** Input data follows **
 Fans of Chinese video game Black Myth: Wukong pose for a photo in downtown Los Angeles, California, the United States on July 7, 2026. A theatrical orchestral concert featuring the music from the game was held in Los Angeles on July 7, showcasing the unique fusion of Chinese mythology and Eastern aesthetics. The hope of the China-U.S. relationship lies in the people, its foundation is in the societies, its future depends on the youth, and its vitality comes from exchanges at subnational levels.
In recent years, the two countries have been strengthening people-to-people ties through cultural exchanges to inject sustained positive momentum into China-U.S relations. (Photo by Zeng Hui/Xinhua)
** End of Input data **
** Input data follows **
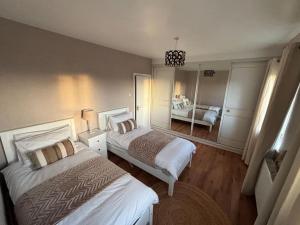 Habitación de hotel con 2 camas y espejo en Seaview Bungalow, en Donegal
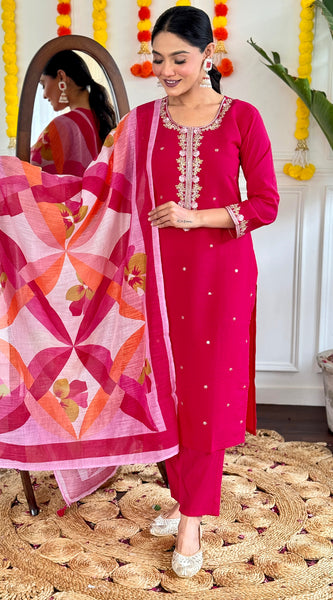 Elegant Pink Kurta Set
** End of Input data **
** Input data follows **
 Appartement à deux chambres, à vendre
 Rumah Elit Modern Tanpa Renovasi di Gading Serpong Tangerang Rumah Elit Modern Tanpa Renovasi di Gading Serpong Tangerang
** End of Input data **
**Assignment**. Exactly the lines above from the one with "Appartement à deux chambres, à vendre" to the one with "Serpong Tangerang Rumah", both included, are to be quoted; leave the rest out.

**Answer box**.
 Appartement à deux chambres, à vendre
 Rumah Elit Modern Tanpa Renovasi di Gading Serpong Tangerang Rumah Elit Modern Tanpa Renovasi di Gading Serpong Tangerang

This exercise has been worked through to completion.